What Causes SPD During Pregnancy?

SPD is caused by several factors related to the physical and hormonal changes of pregnancy:

  • Hormones: Pregnancy hormones like relaxin cause ligaments to loosen, leading to less stability in the pelvic joints.
  • Postural Changes: Your growing baby bump shifts your centre of gravity, adding stress to your pelvis.
  • Movement Patterns: Altered biomechanics during pregnancy can strain your pelvic region.
  • Genetics and Metabolic Factors: Some women are more prone to joint instability due to inherited traits.

Together, these changes can lead to pain and a sensation of instability in the pelvic joints.

How to Relieve Pelvic Pain During Pregnancy

Early intervention is key to managing SPD effectively. Here’s how you can find relief:

1. See a Physiotherapist Early

If you suspect SPD, book an appointment with a physiotherapist as soon as possible. Early assessment and intervention can significantly improve your outcomes for the remainder of your pregnancy.

2. Use a Pelvic Support Belt

A sacroiliac pelvic support belt can stabilise your pelvic joints, reducing pain and discomfort. 

My favourite SIJ belts are:

3. Pregnancy Support Garments

If a pelvic belt alone doesn’t provide enough relief, I recommend the SRC Pregnancy Support Garments for additional compression and stability. Wear the belt over these garments for optimal support.

4. Apply Ice for Pain Relief

Icing your pelvic area can reduce pain and inflammation:

  • Use a soft, flexible ice pack or a pack of frozen peas (don’t eat them later!).
  • Apply for 15–20 minutes every 2–3 hours, or as needed (especially after activity).
  • Try the Bubba Bump Perineum Ice & Heat Pack for a contouring fit.

5. Strengthen Supporting Muscles

Strengthening exercises for your hips, pelvic floor, and abdominal muscles can improve stability and reduce pain. A physiotherapist can provide a tailored exercise plan.

6. Release Tight Muscles

Use a trigger point release ball or a tennis ball to target and relax tight muscles.
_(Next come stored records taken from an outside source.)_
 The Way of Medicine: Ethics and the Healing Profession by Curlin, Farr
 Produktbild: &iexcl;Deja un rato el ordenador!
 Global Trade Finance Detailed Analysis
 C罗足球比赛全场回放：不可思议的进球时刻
7. Wear Supportive Footwear

Choose comfortable, cushioned shoes that support your arches to minimise stress on your pelvis.
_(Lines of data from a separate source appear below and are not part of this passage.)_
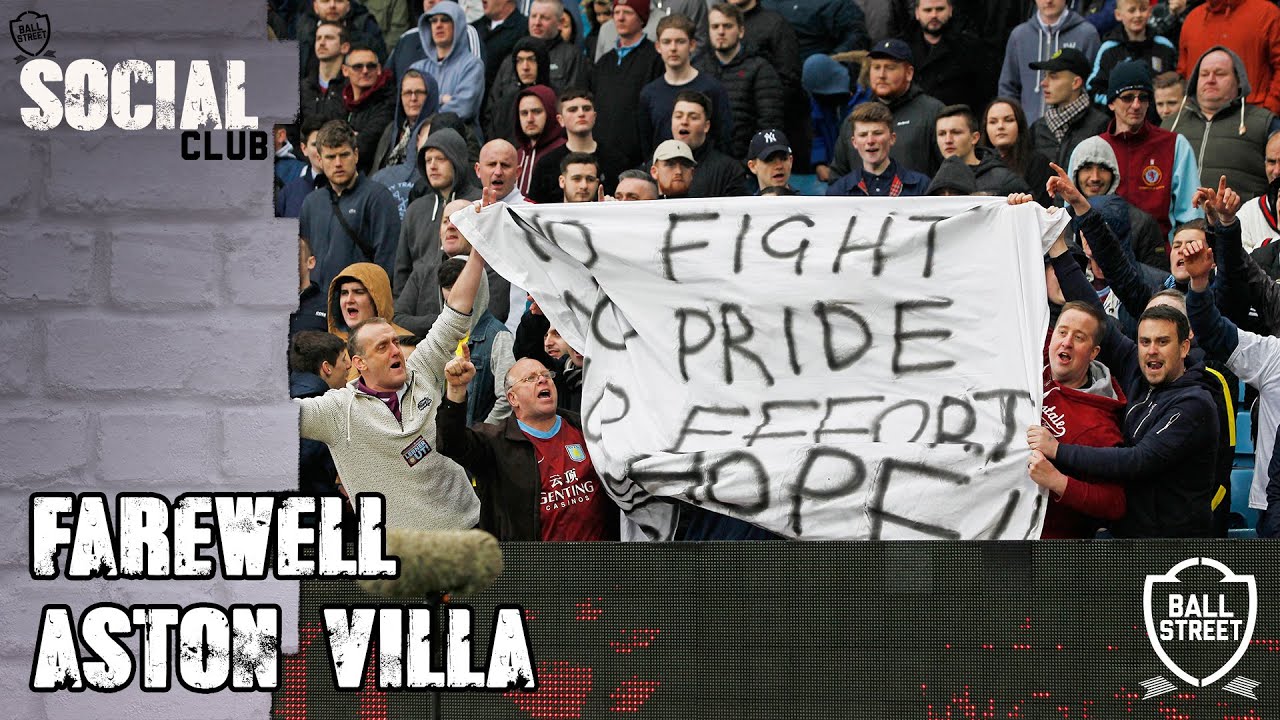 Farewell Aston Villa! | Social Club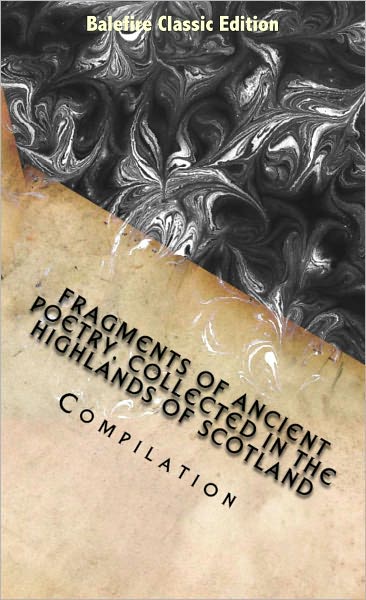 Fragments of Ancient Poetry, Collected in the Highlands of Scotland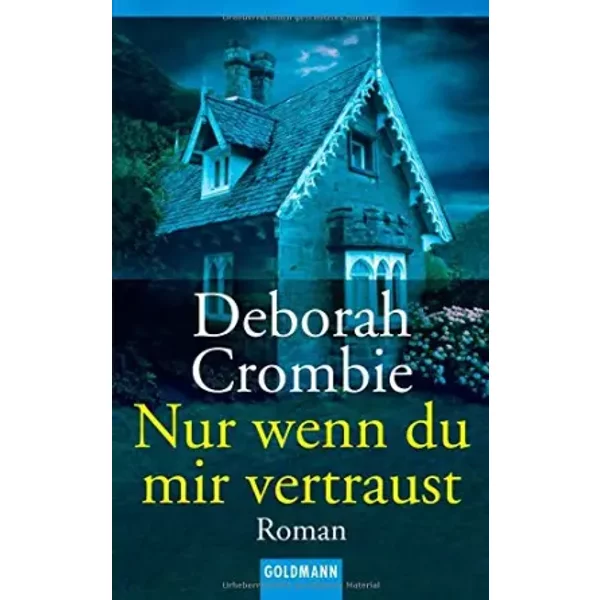 Nur Wenn Du Mir Vertraust - Deborah Crombie-image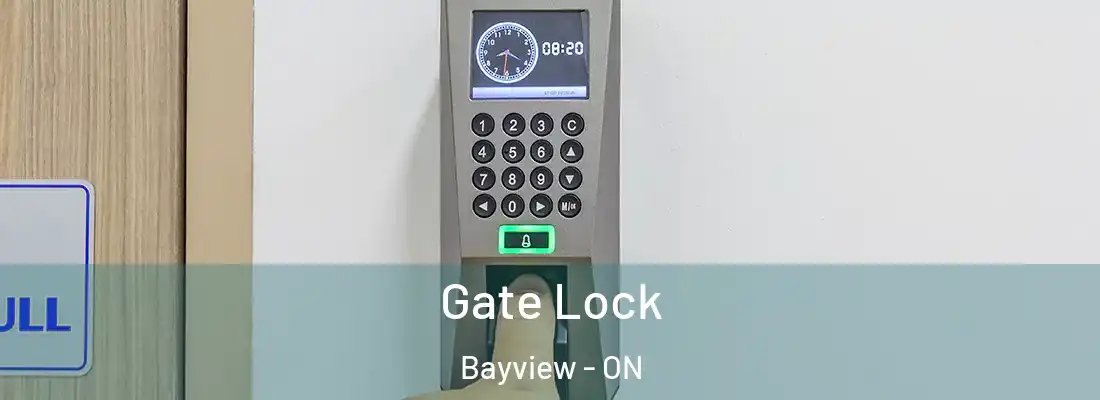  Gate Lock Bayview - ON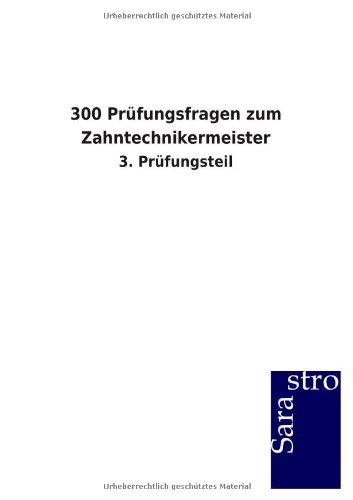 300 Prüfungsfragen zum Zahntechnikermeister: 3. Prüfungsteil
How to Modify Activities to Reduce Pain

To manage SPD effectively, focus on minimising movements that cause strain or shearing forces on the pelvis. Here are some practical adjustments:

  • Sleeping: Sleep with a pillow between your knees to keep your hips aligned.
  • Rolling Over in Bed: Roll onto your stomach (roll onto your hands and knees to roll over) rather than twisting your pelvis.
  • Getting In and Out of Bed: Keep your knees together to avoid stress on the joints.
  • Using Stairs: Go up and down stairs with two feet on each step or sideways for better stability.
  • Getting In and Out of the Car: Sit down first and swing your legs in/out together.
  • Dressing: Sit while putting on shoes or pants to avoid standing on one leg.
  • Walking: Take shorter steps to reduce pelvic strain and avoid long walks if painful.
  • Resting: Listen to your body and rest whenever possible.

Final Thoughts

SPD can be tough, but it doesn’t have to overshadow your pregnancy experience. By identifying the symptoms early, seeking support, and adopting simple lifestyle adjustments, you can effectively manage the pain and stay in control.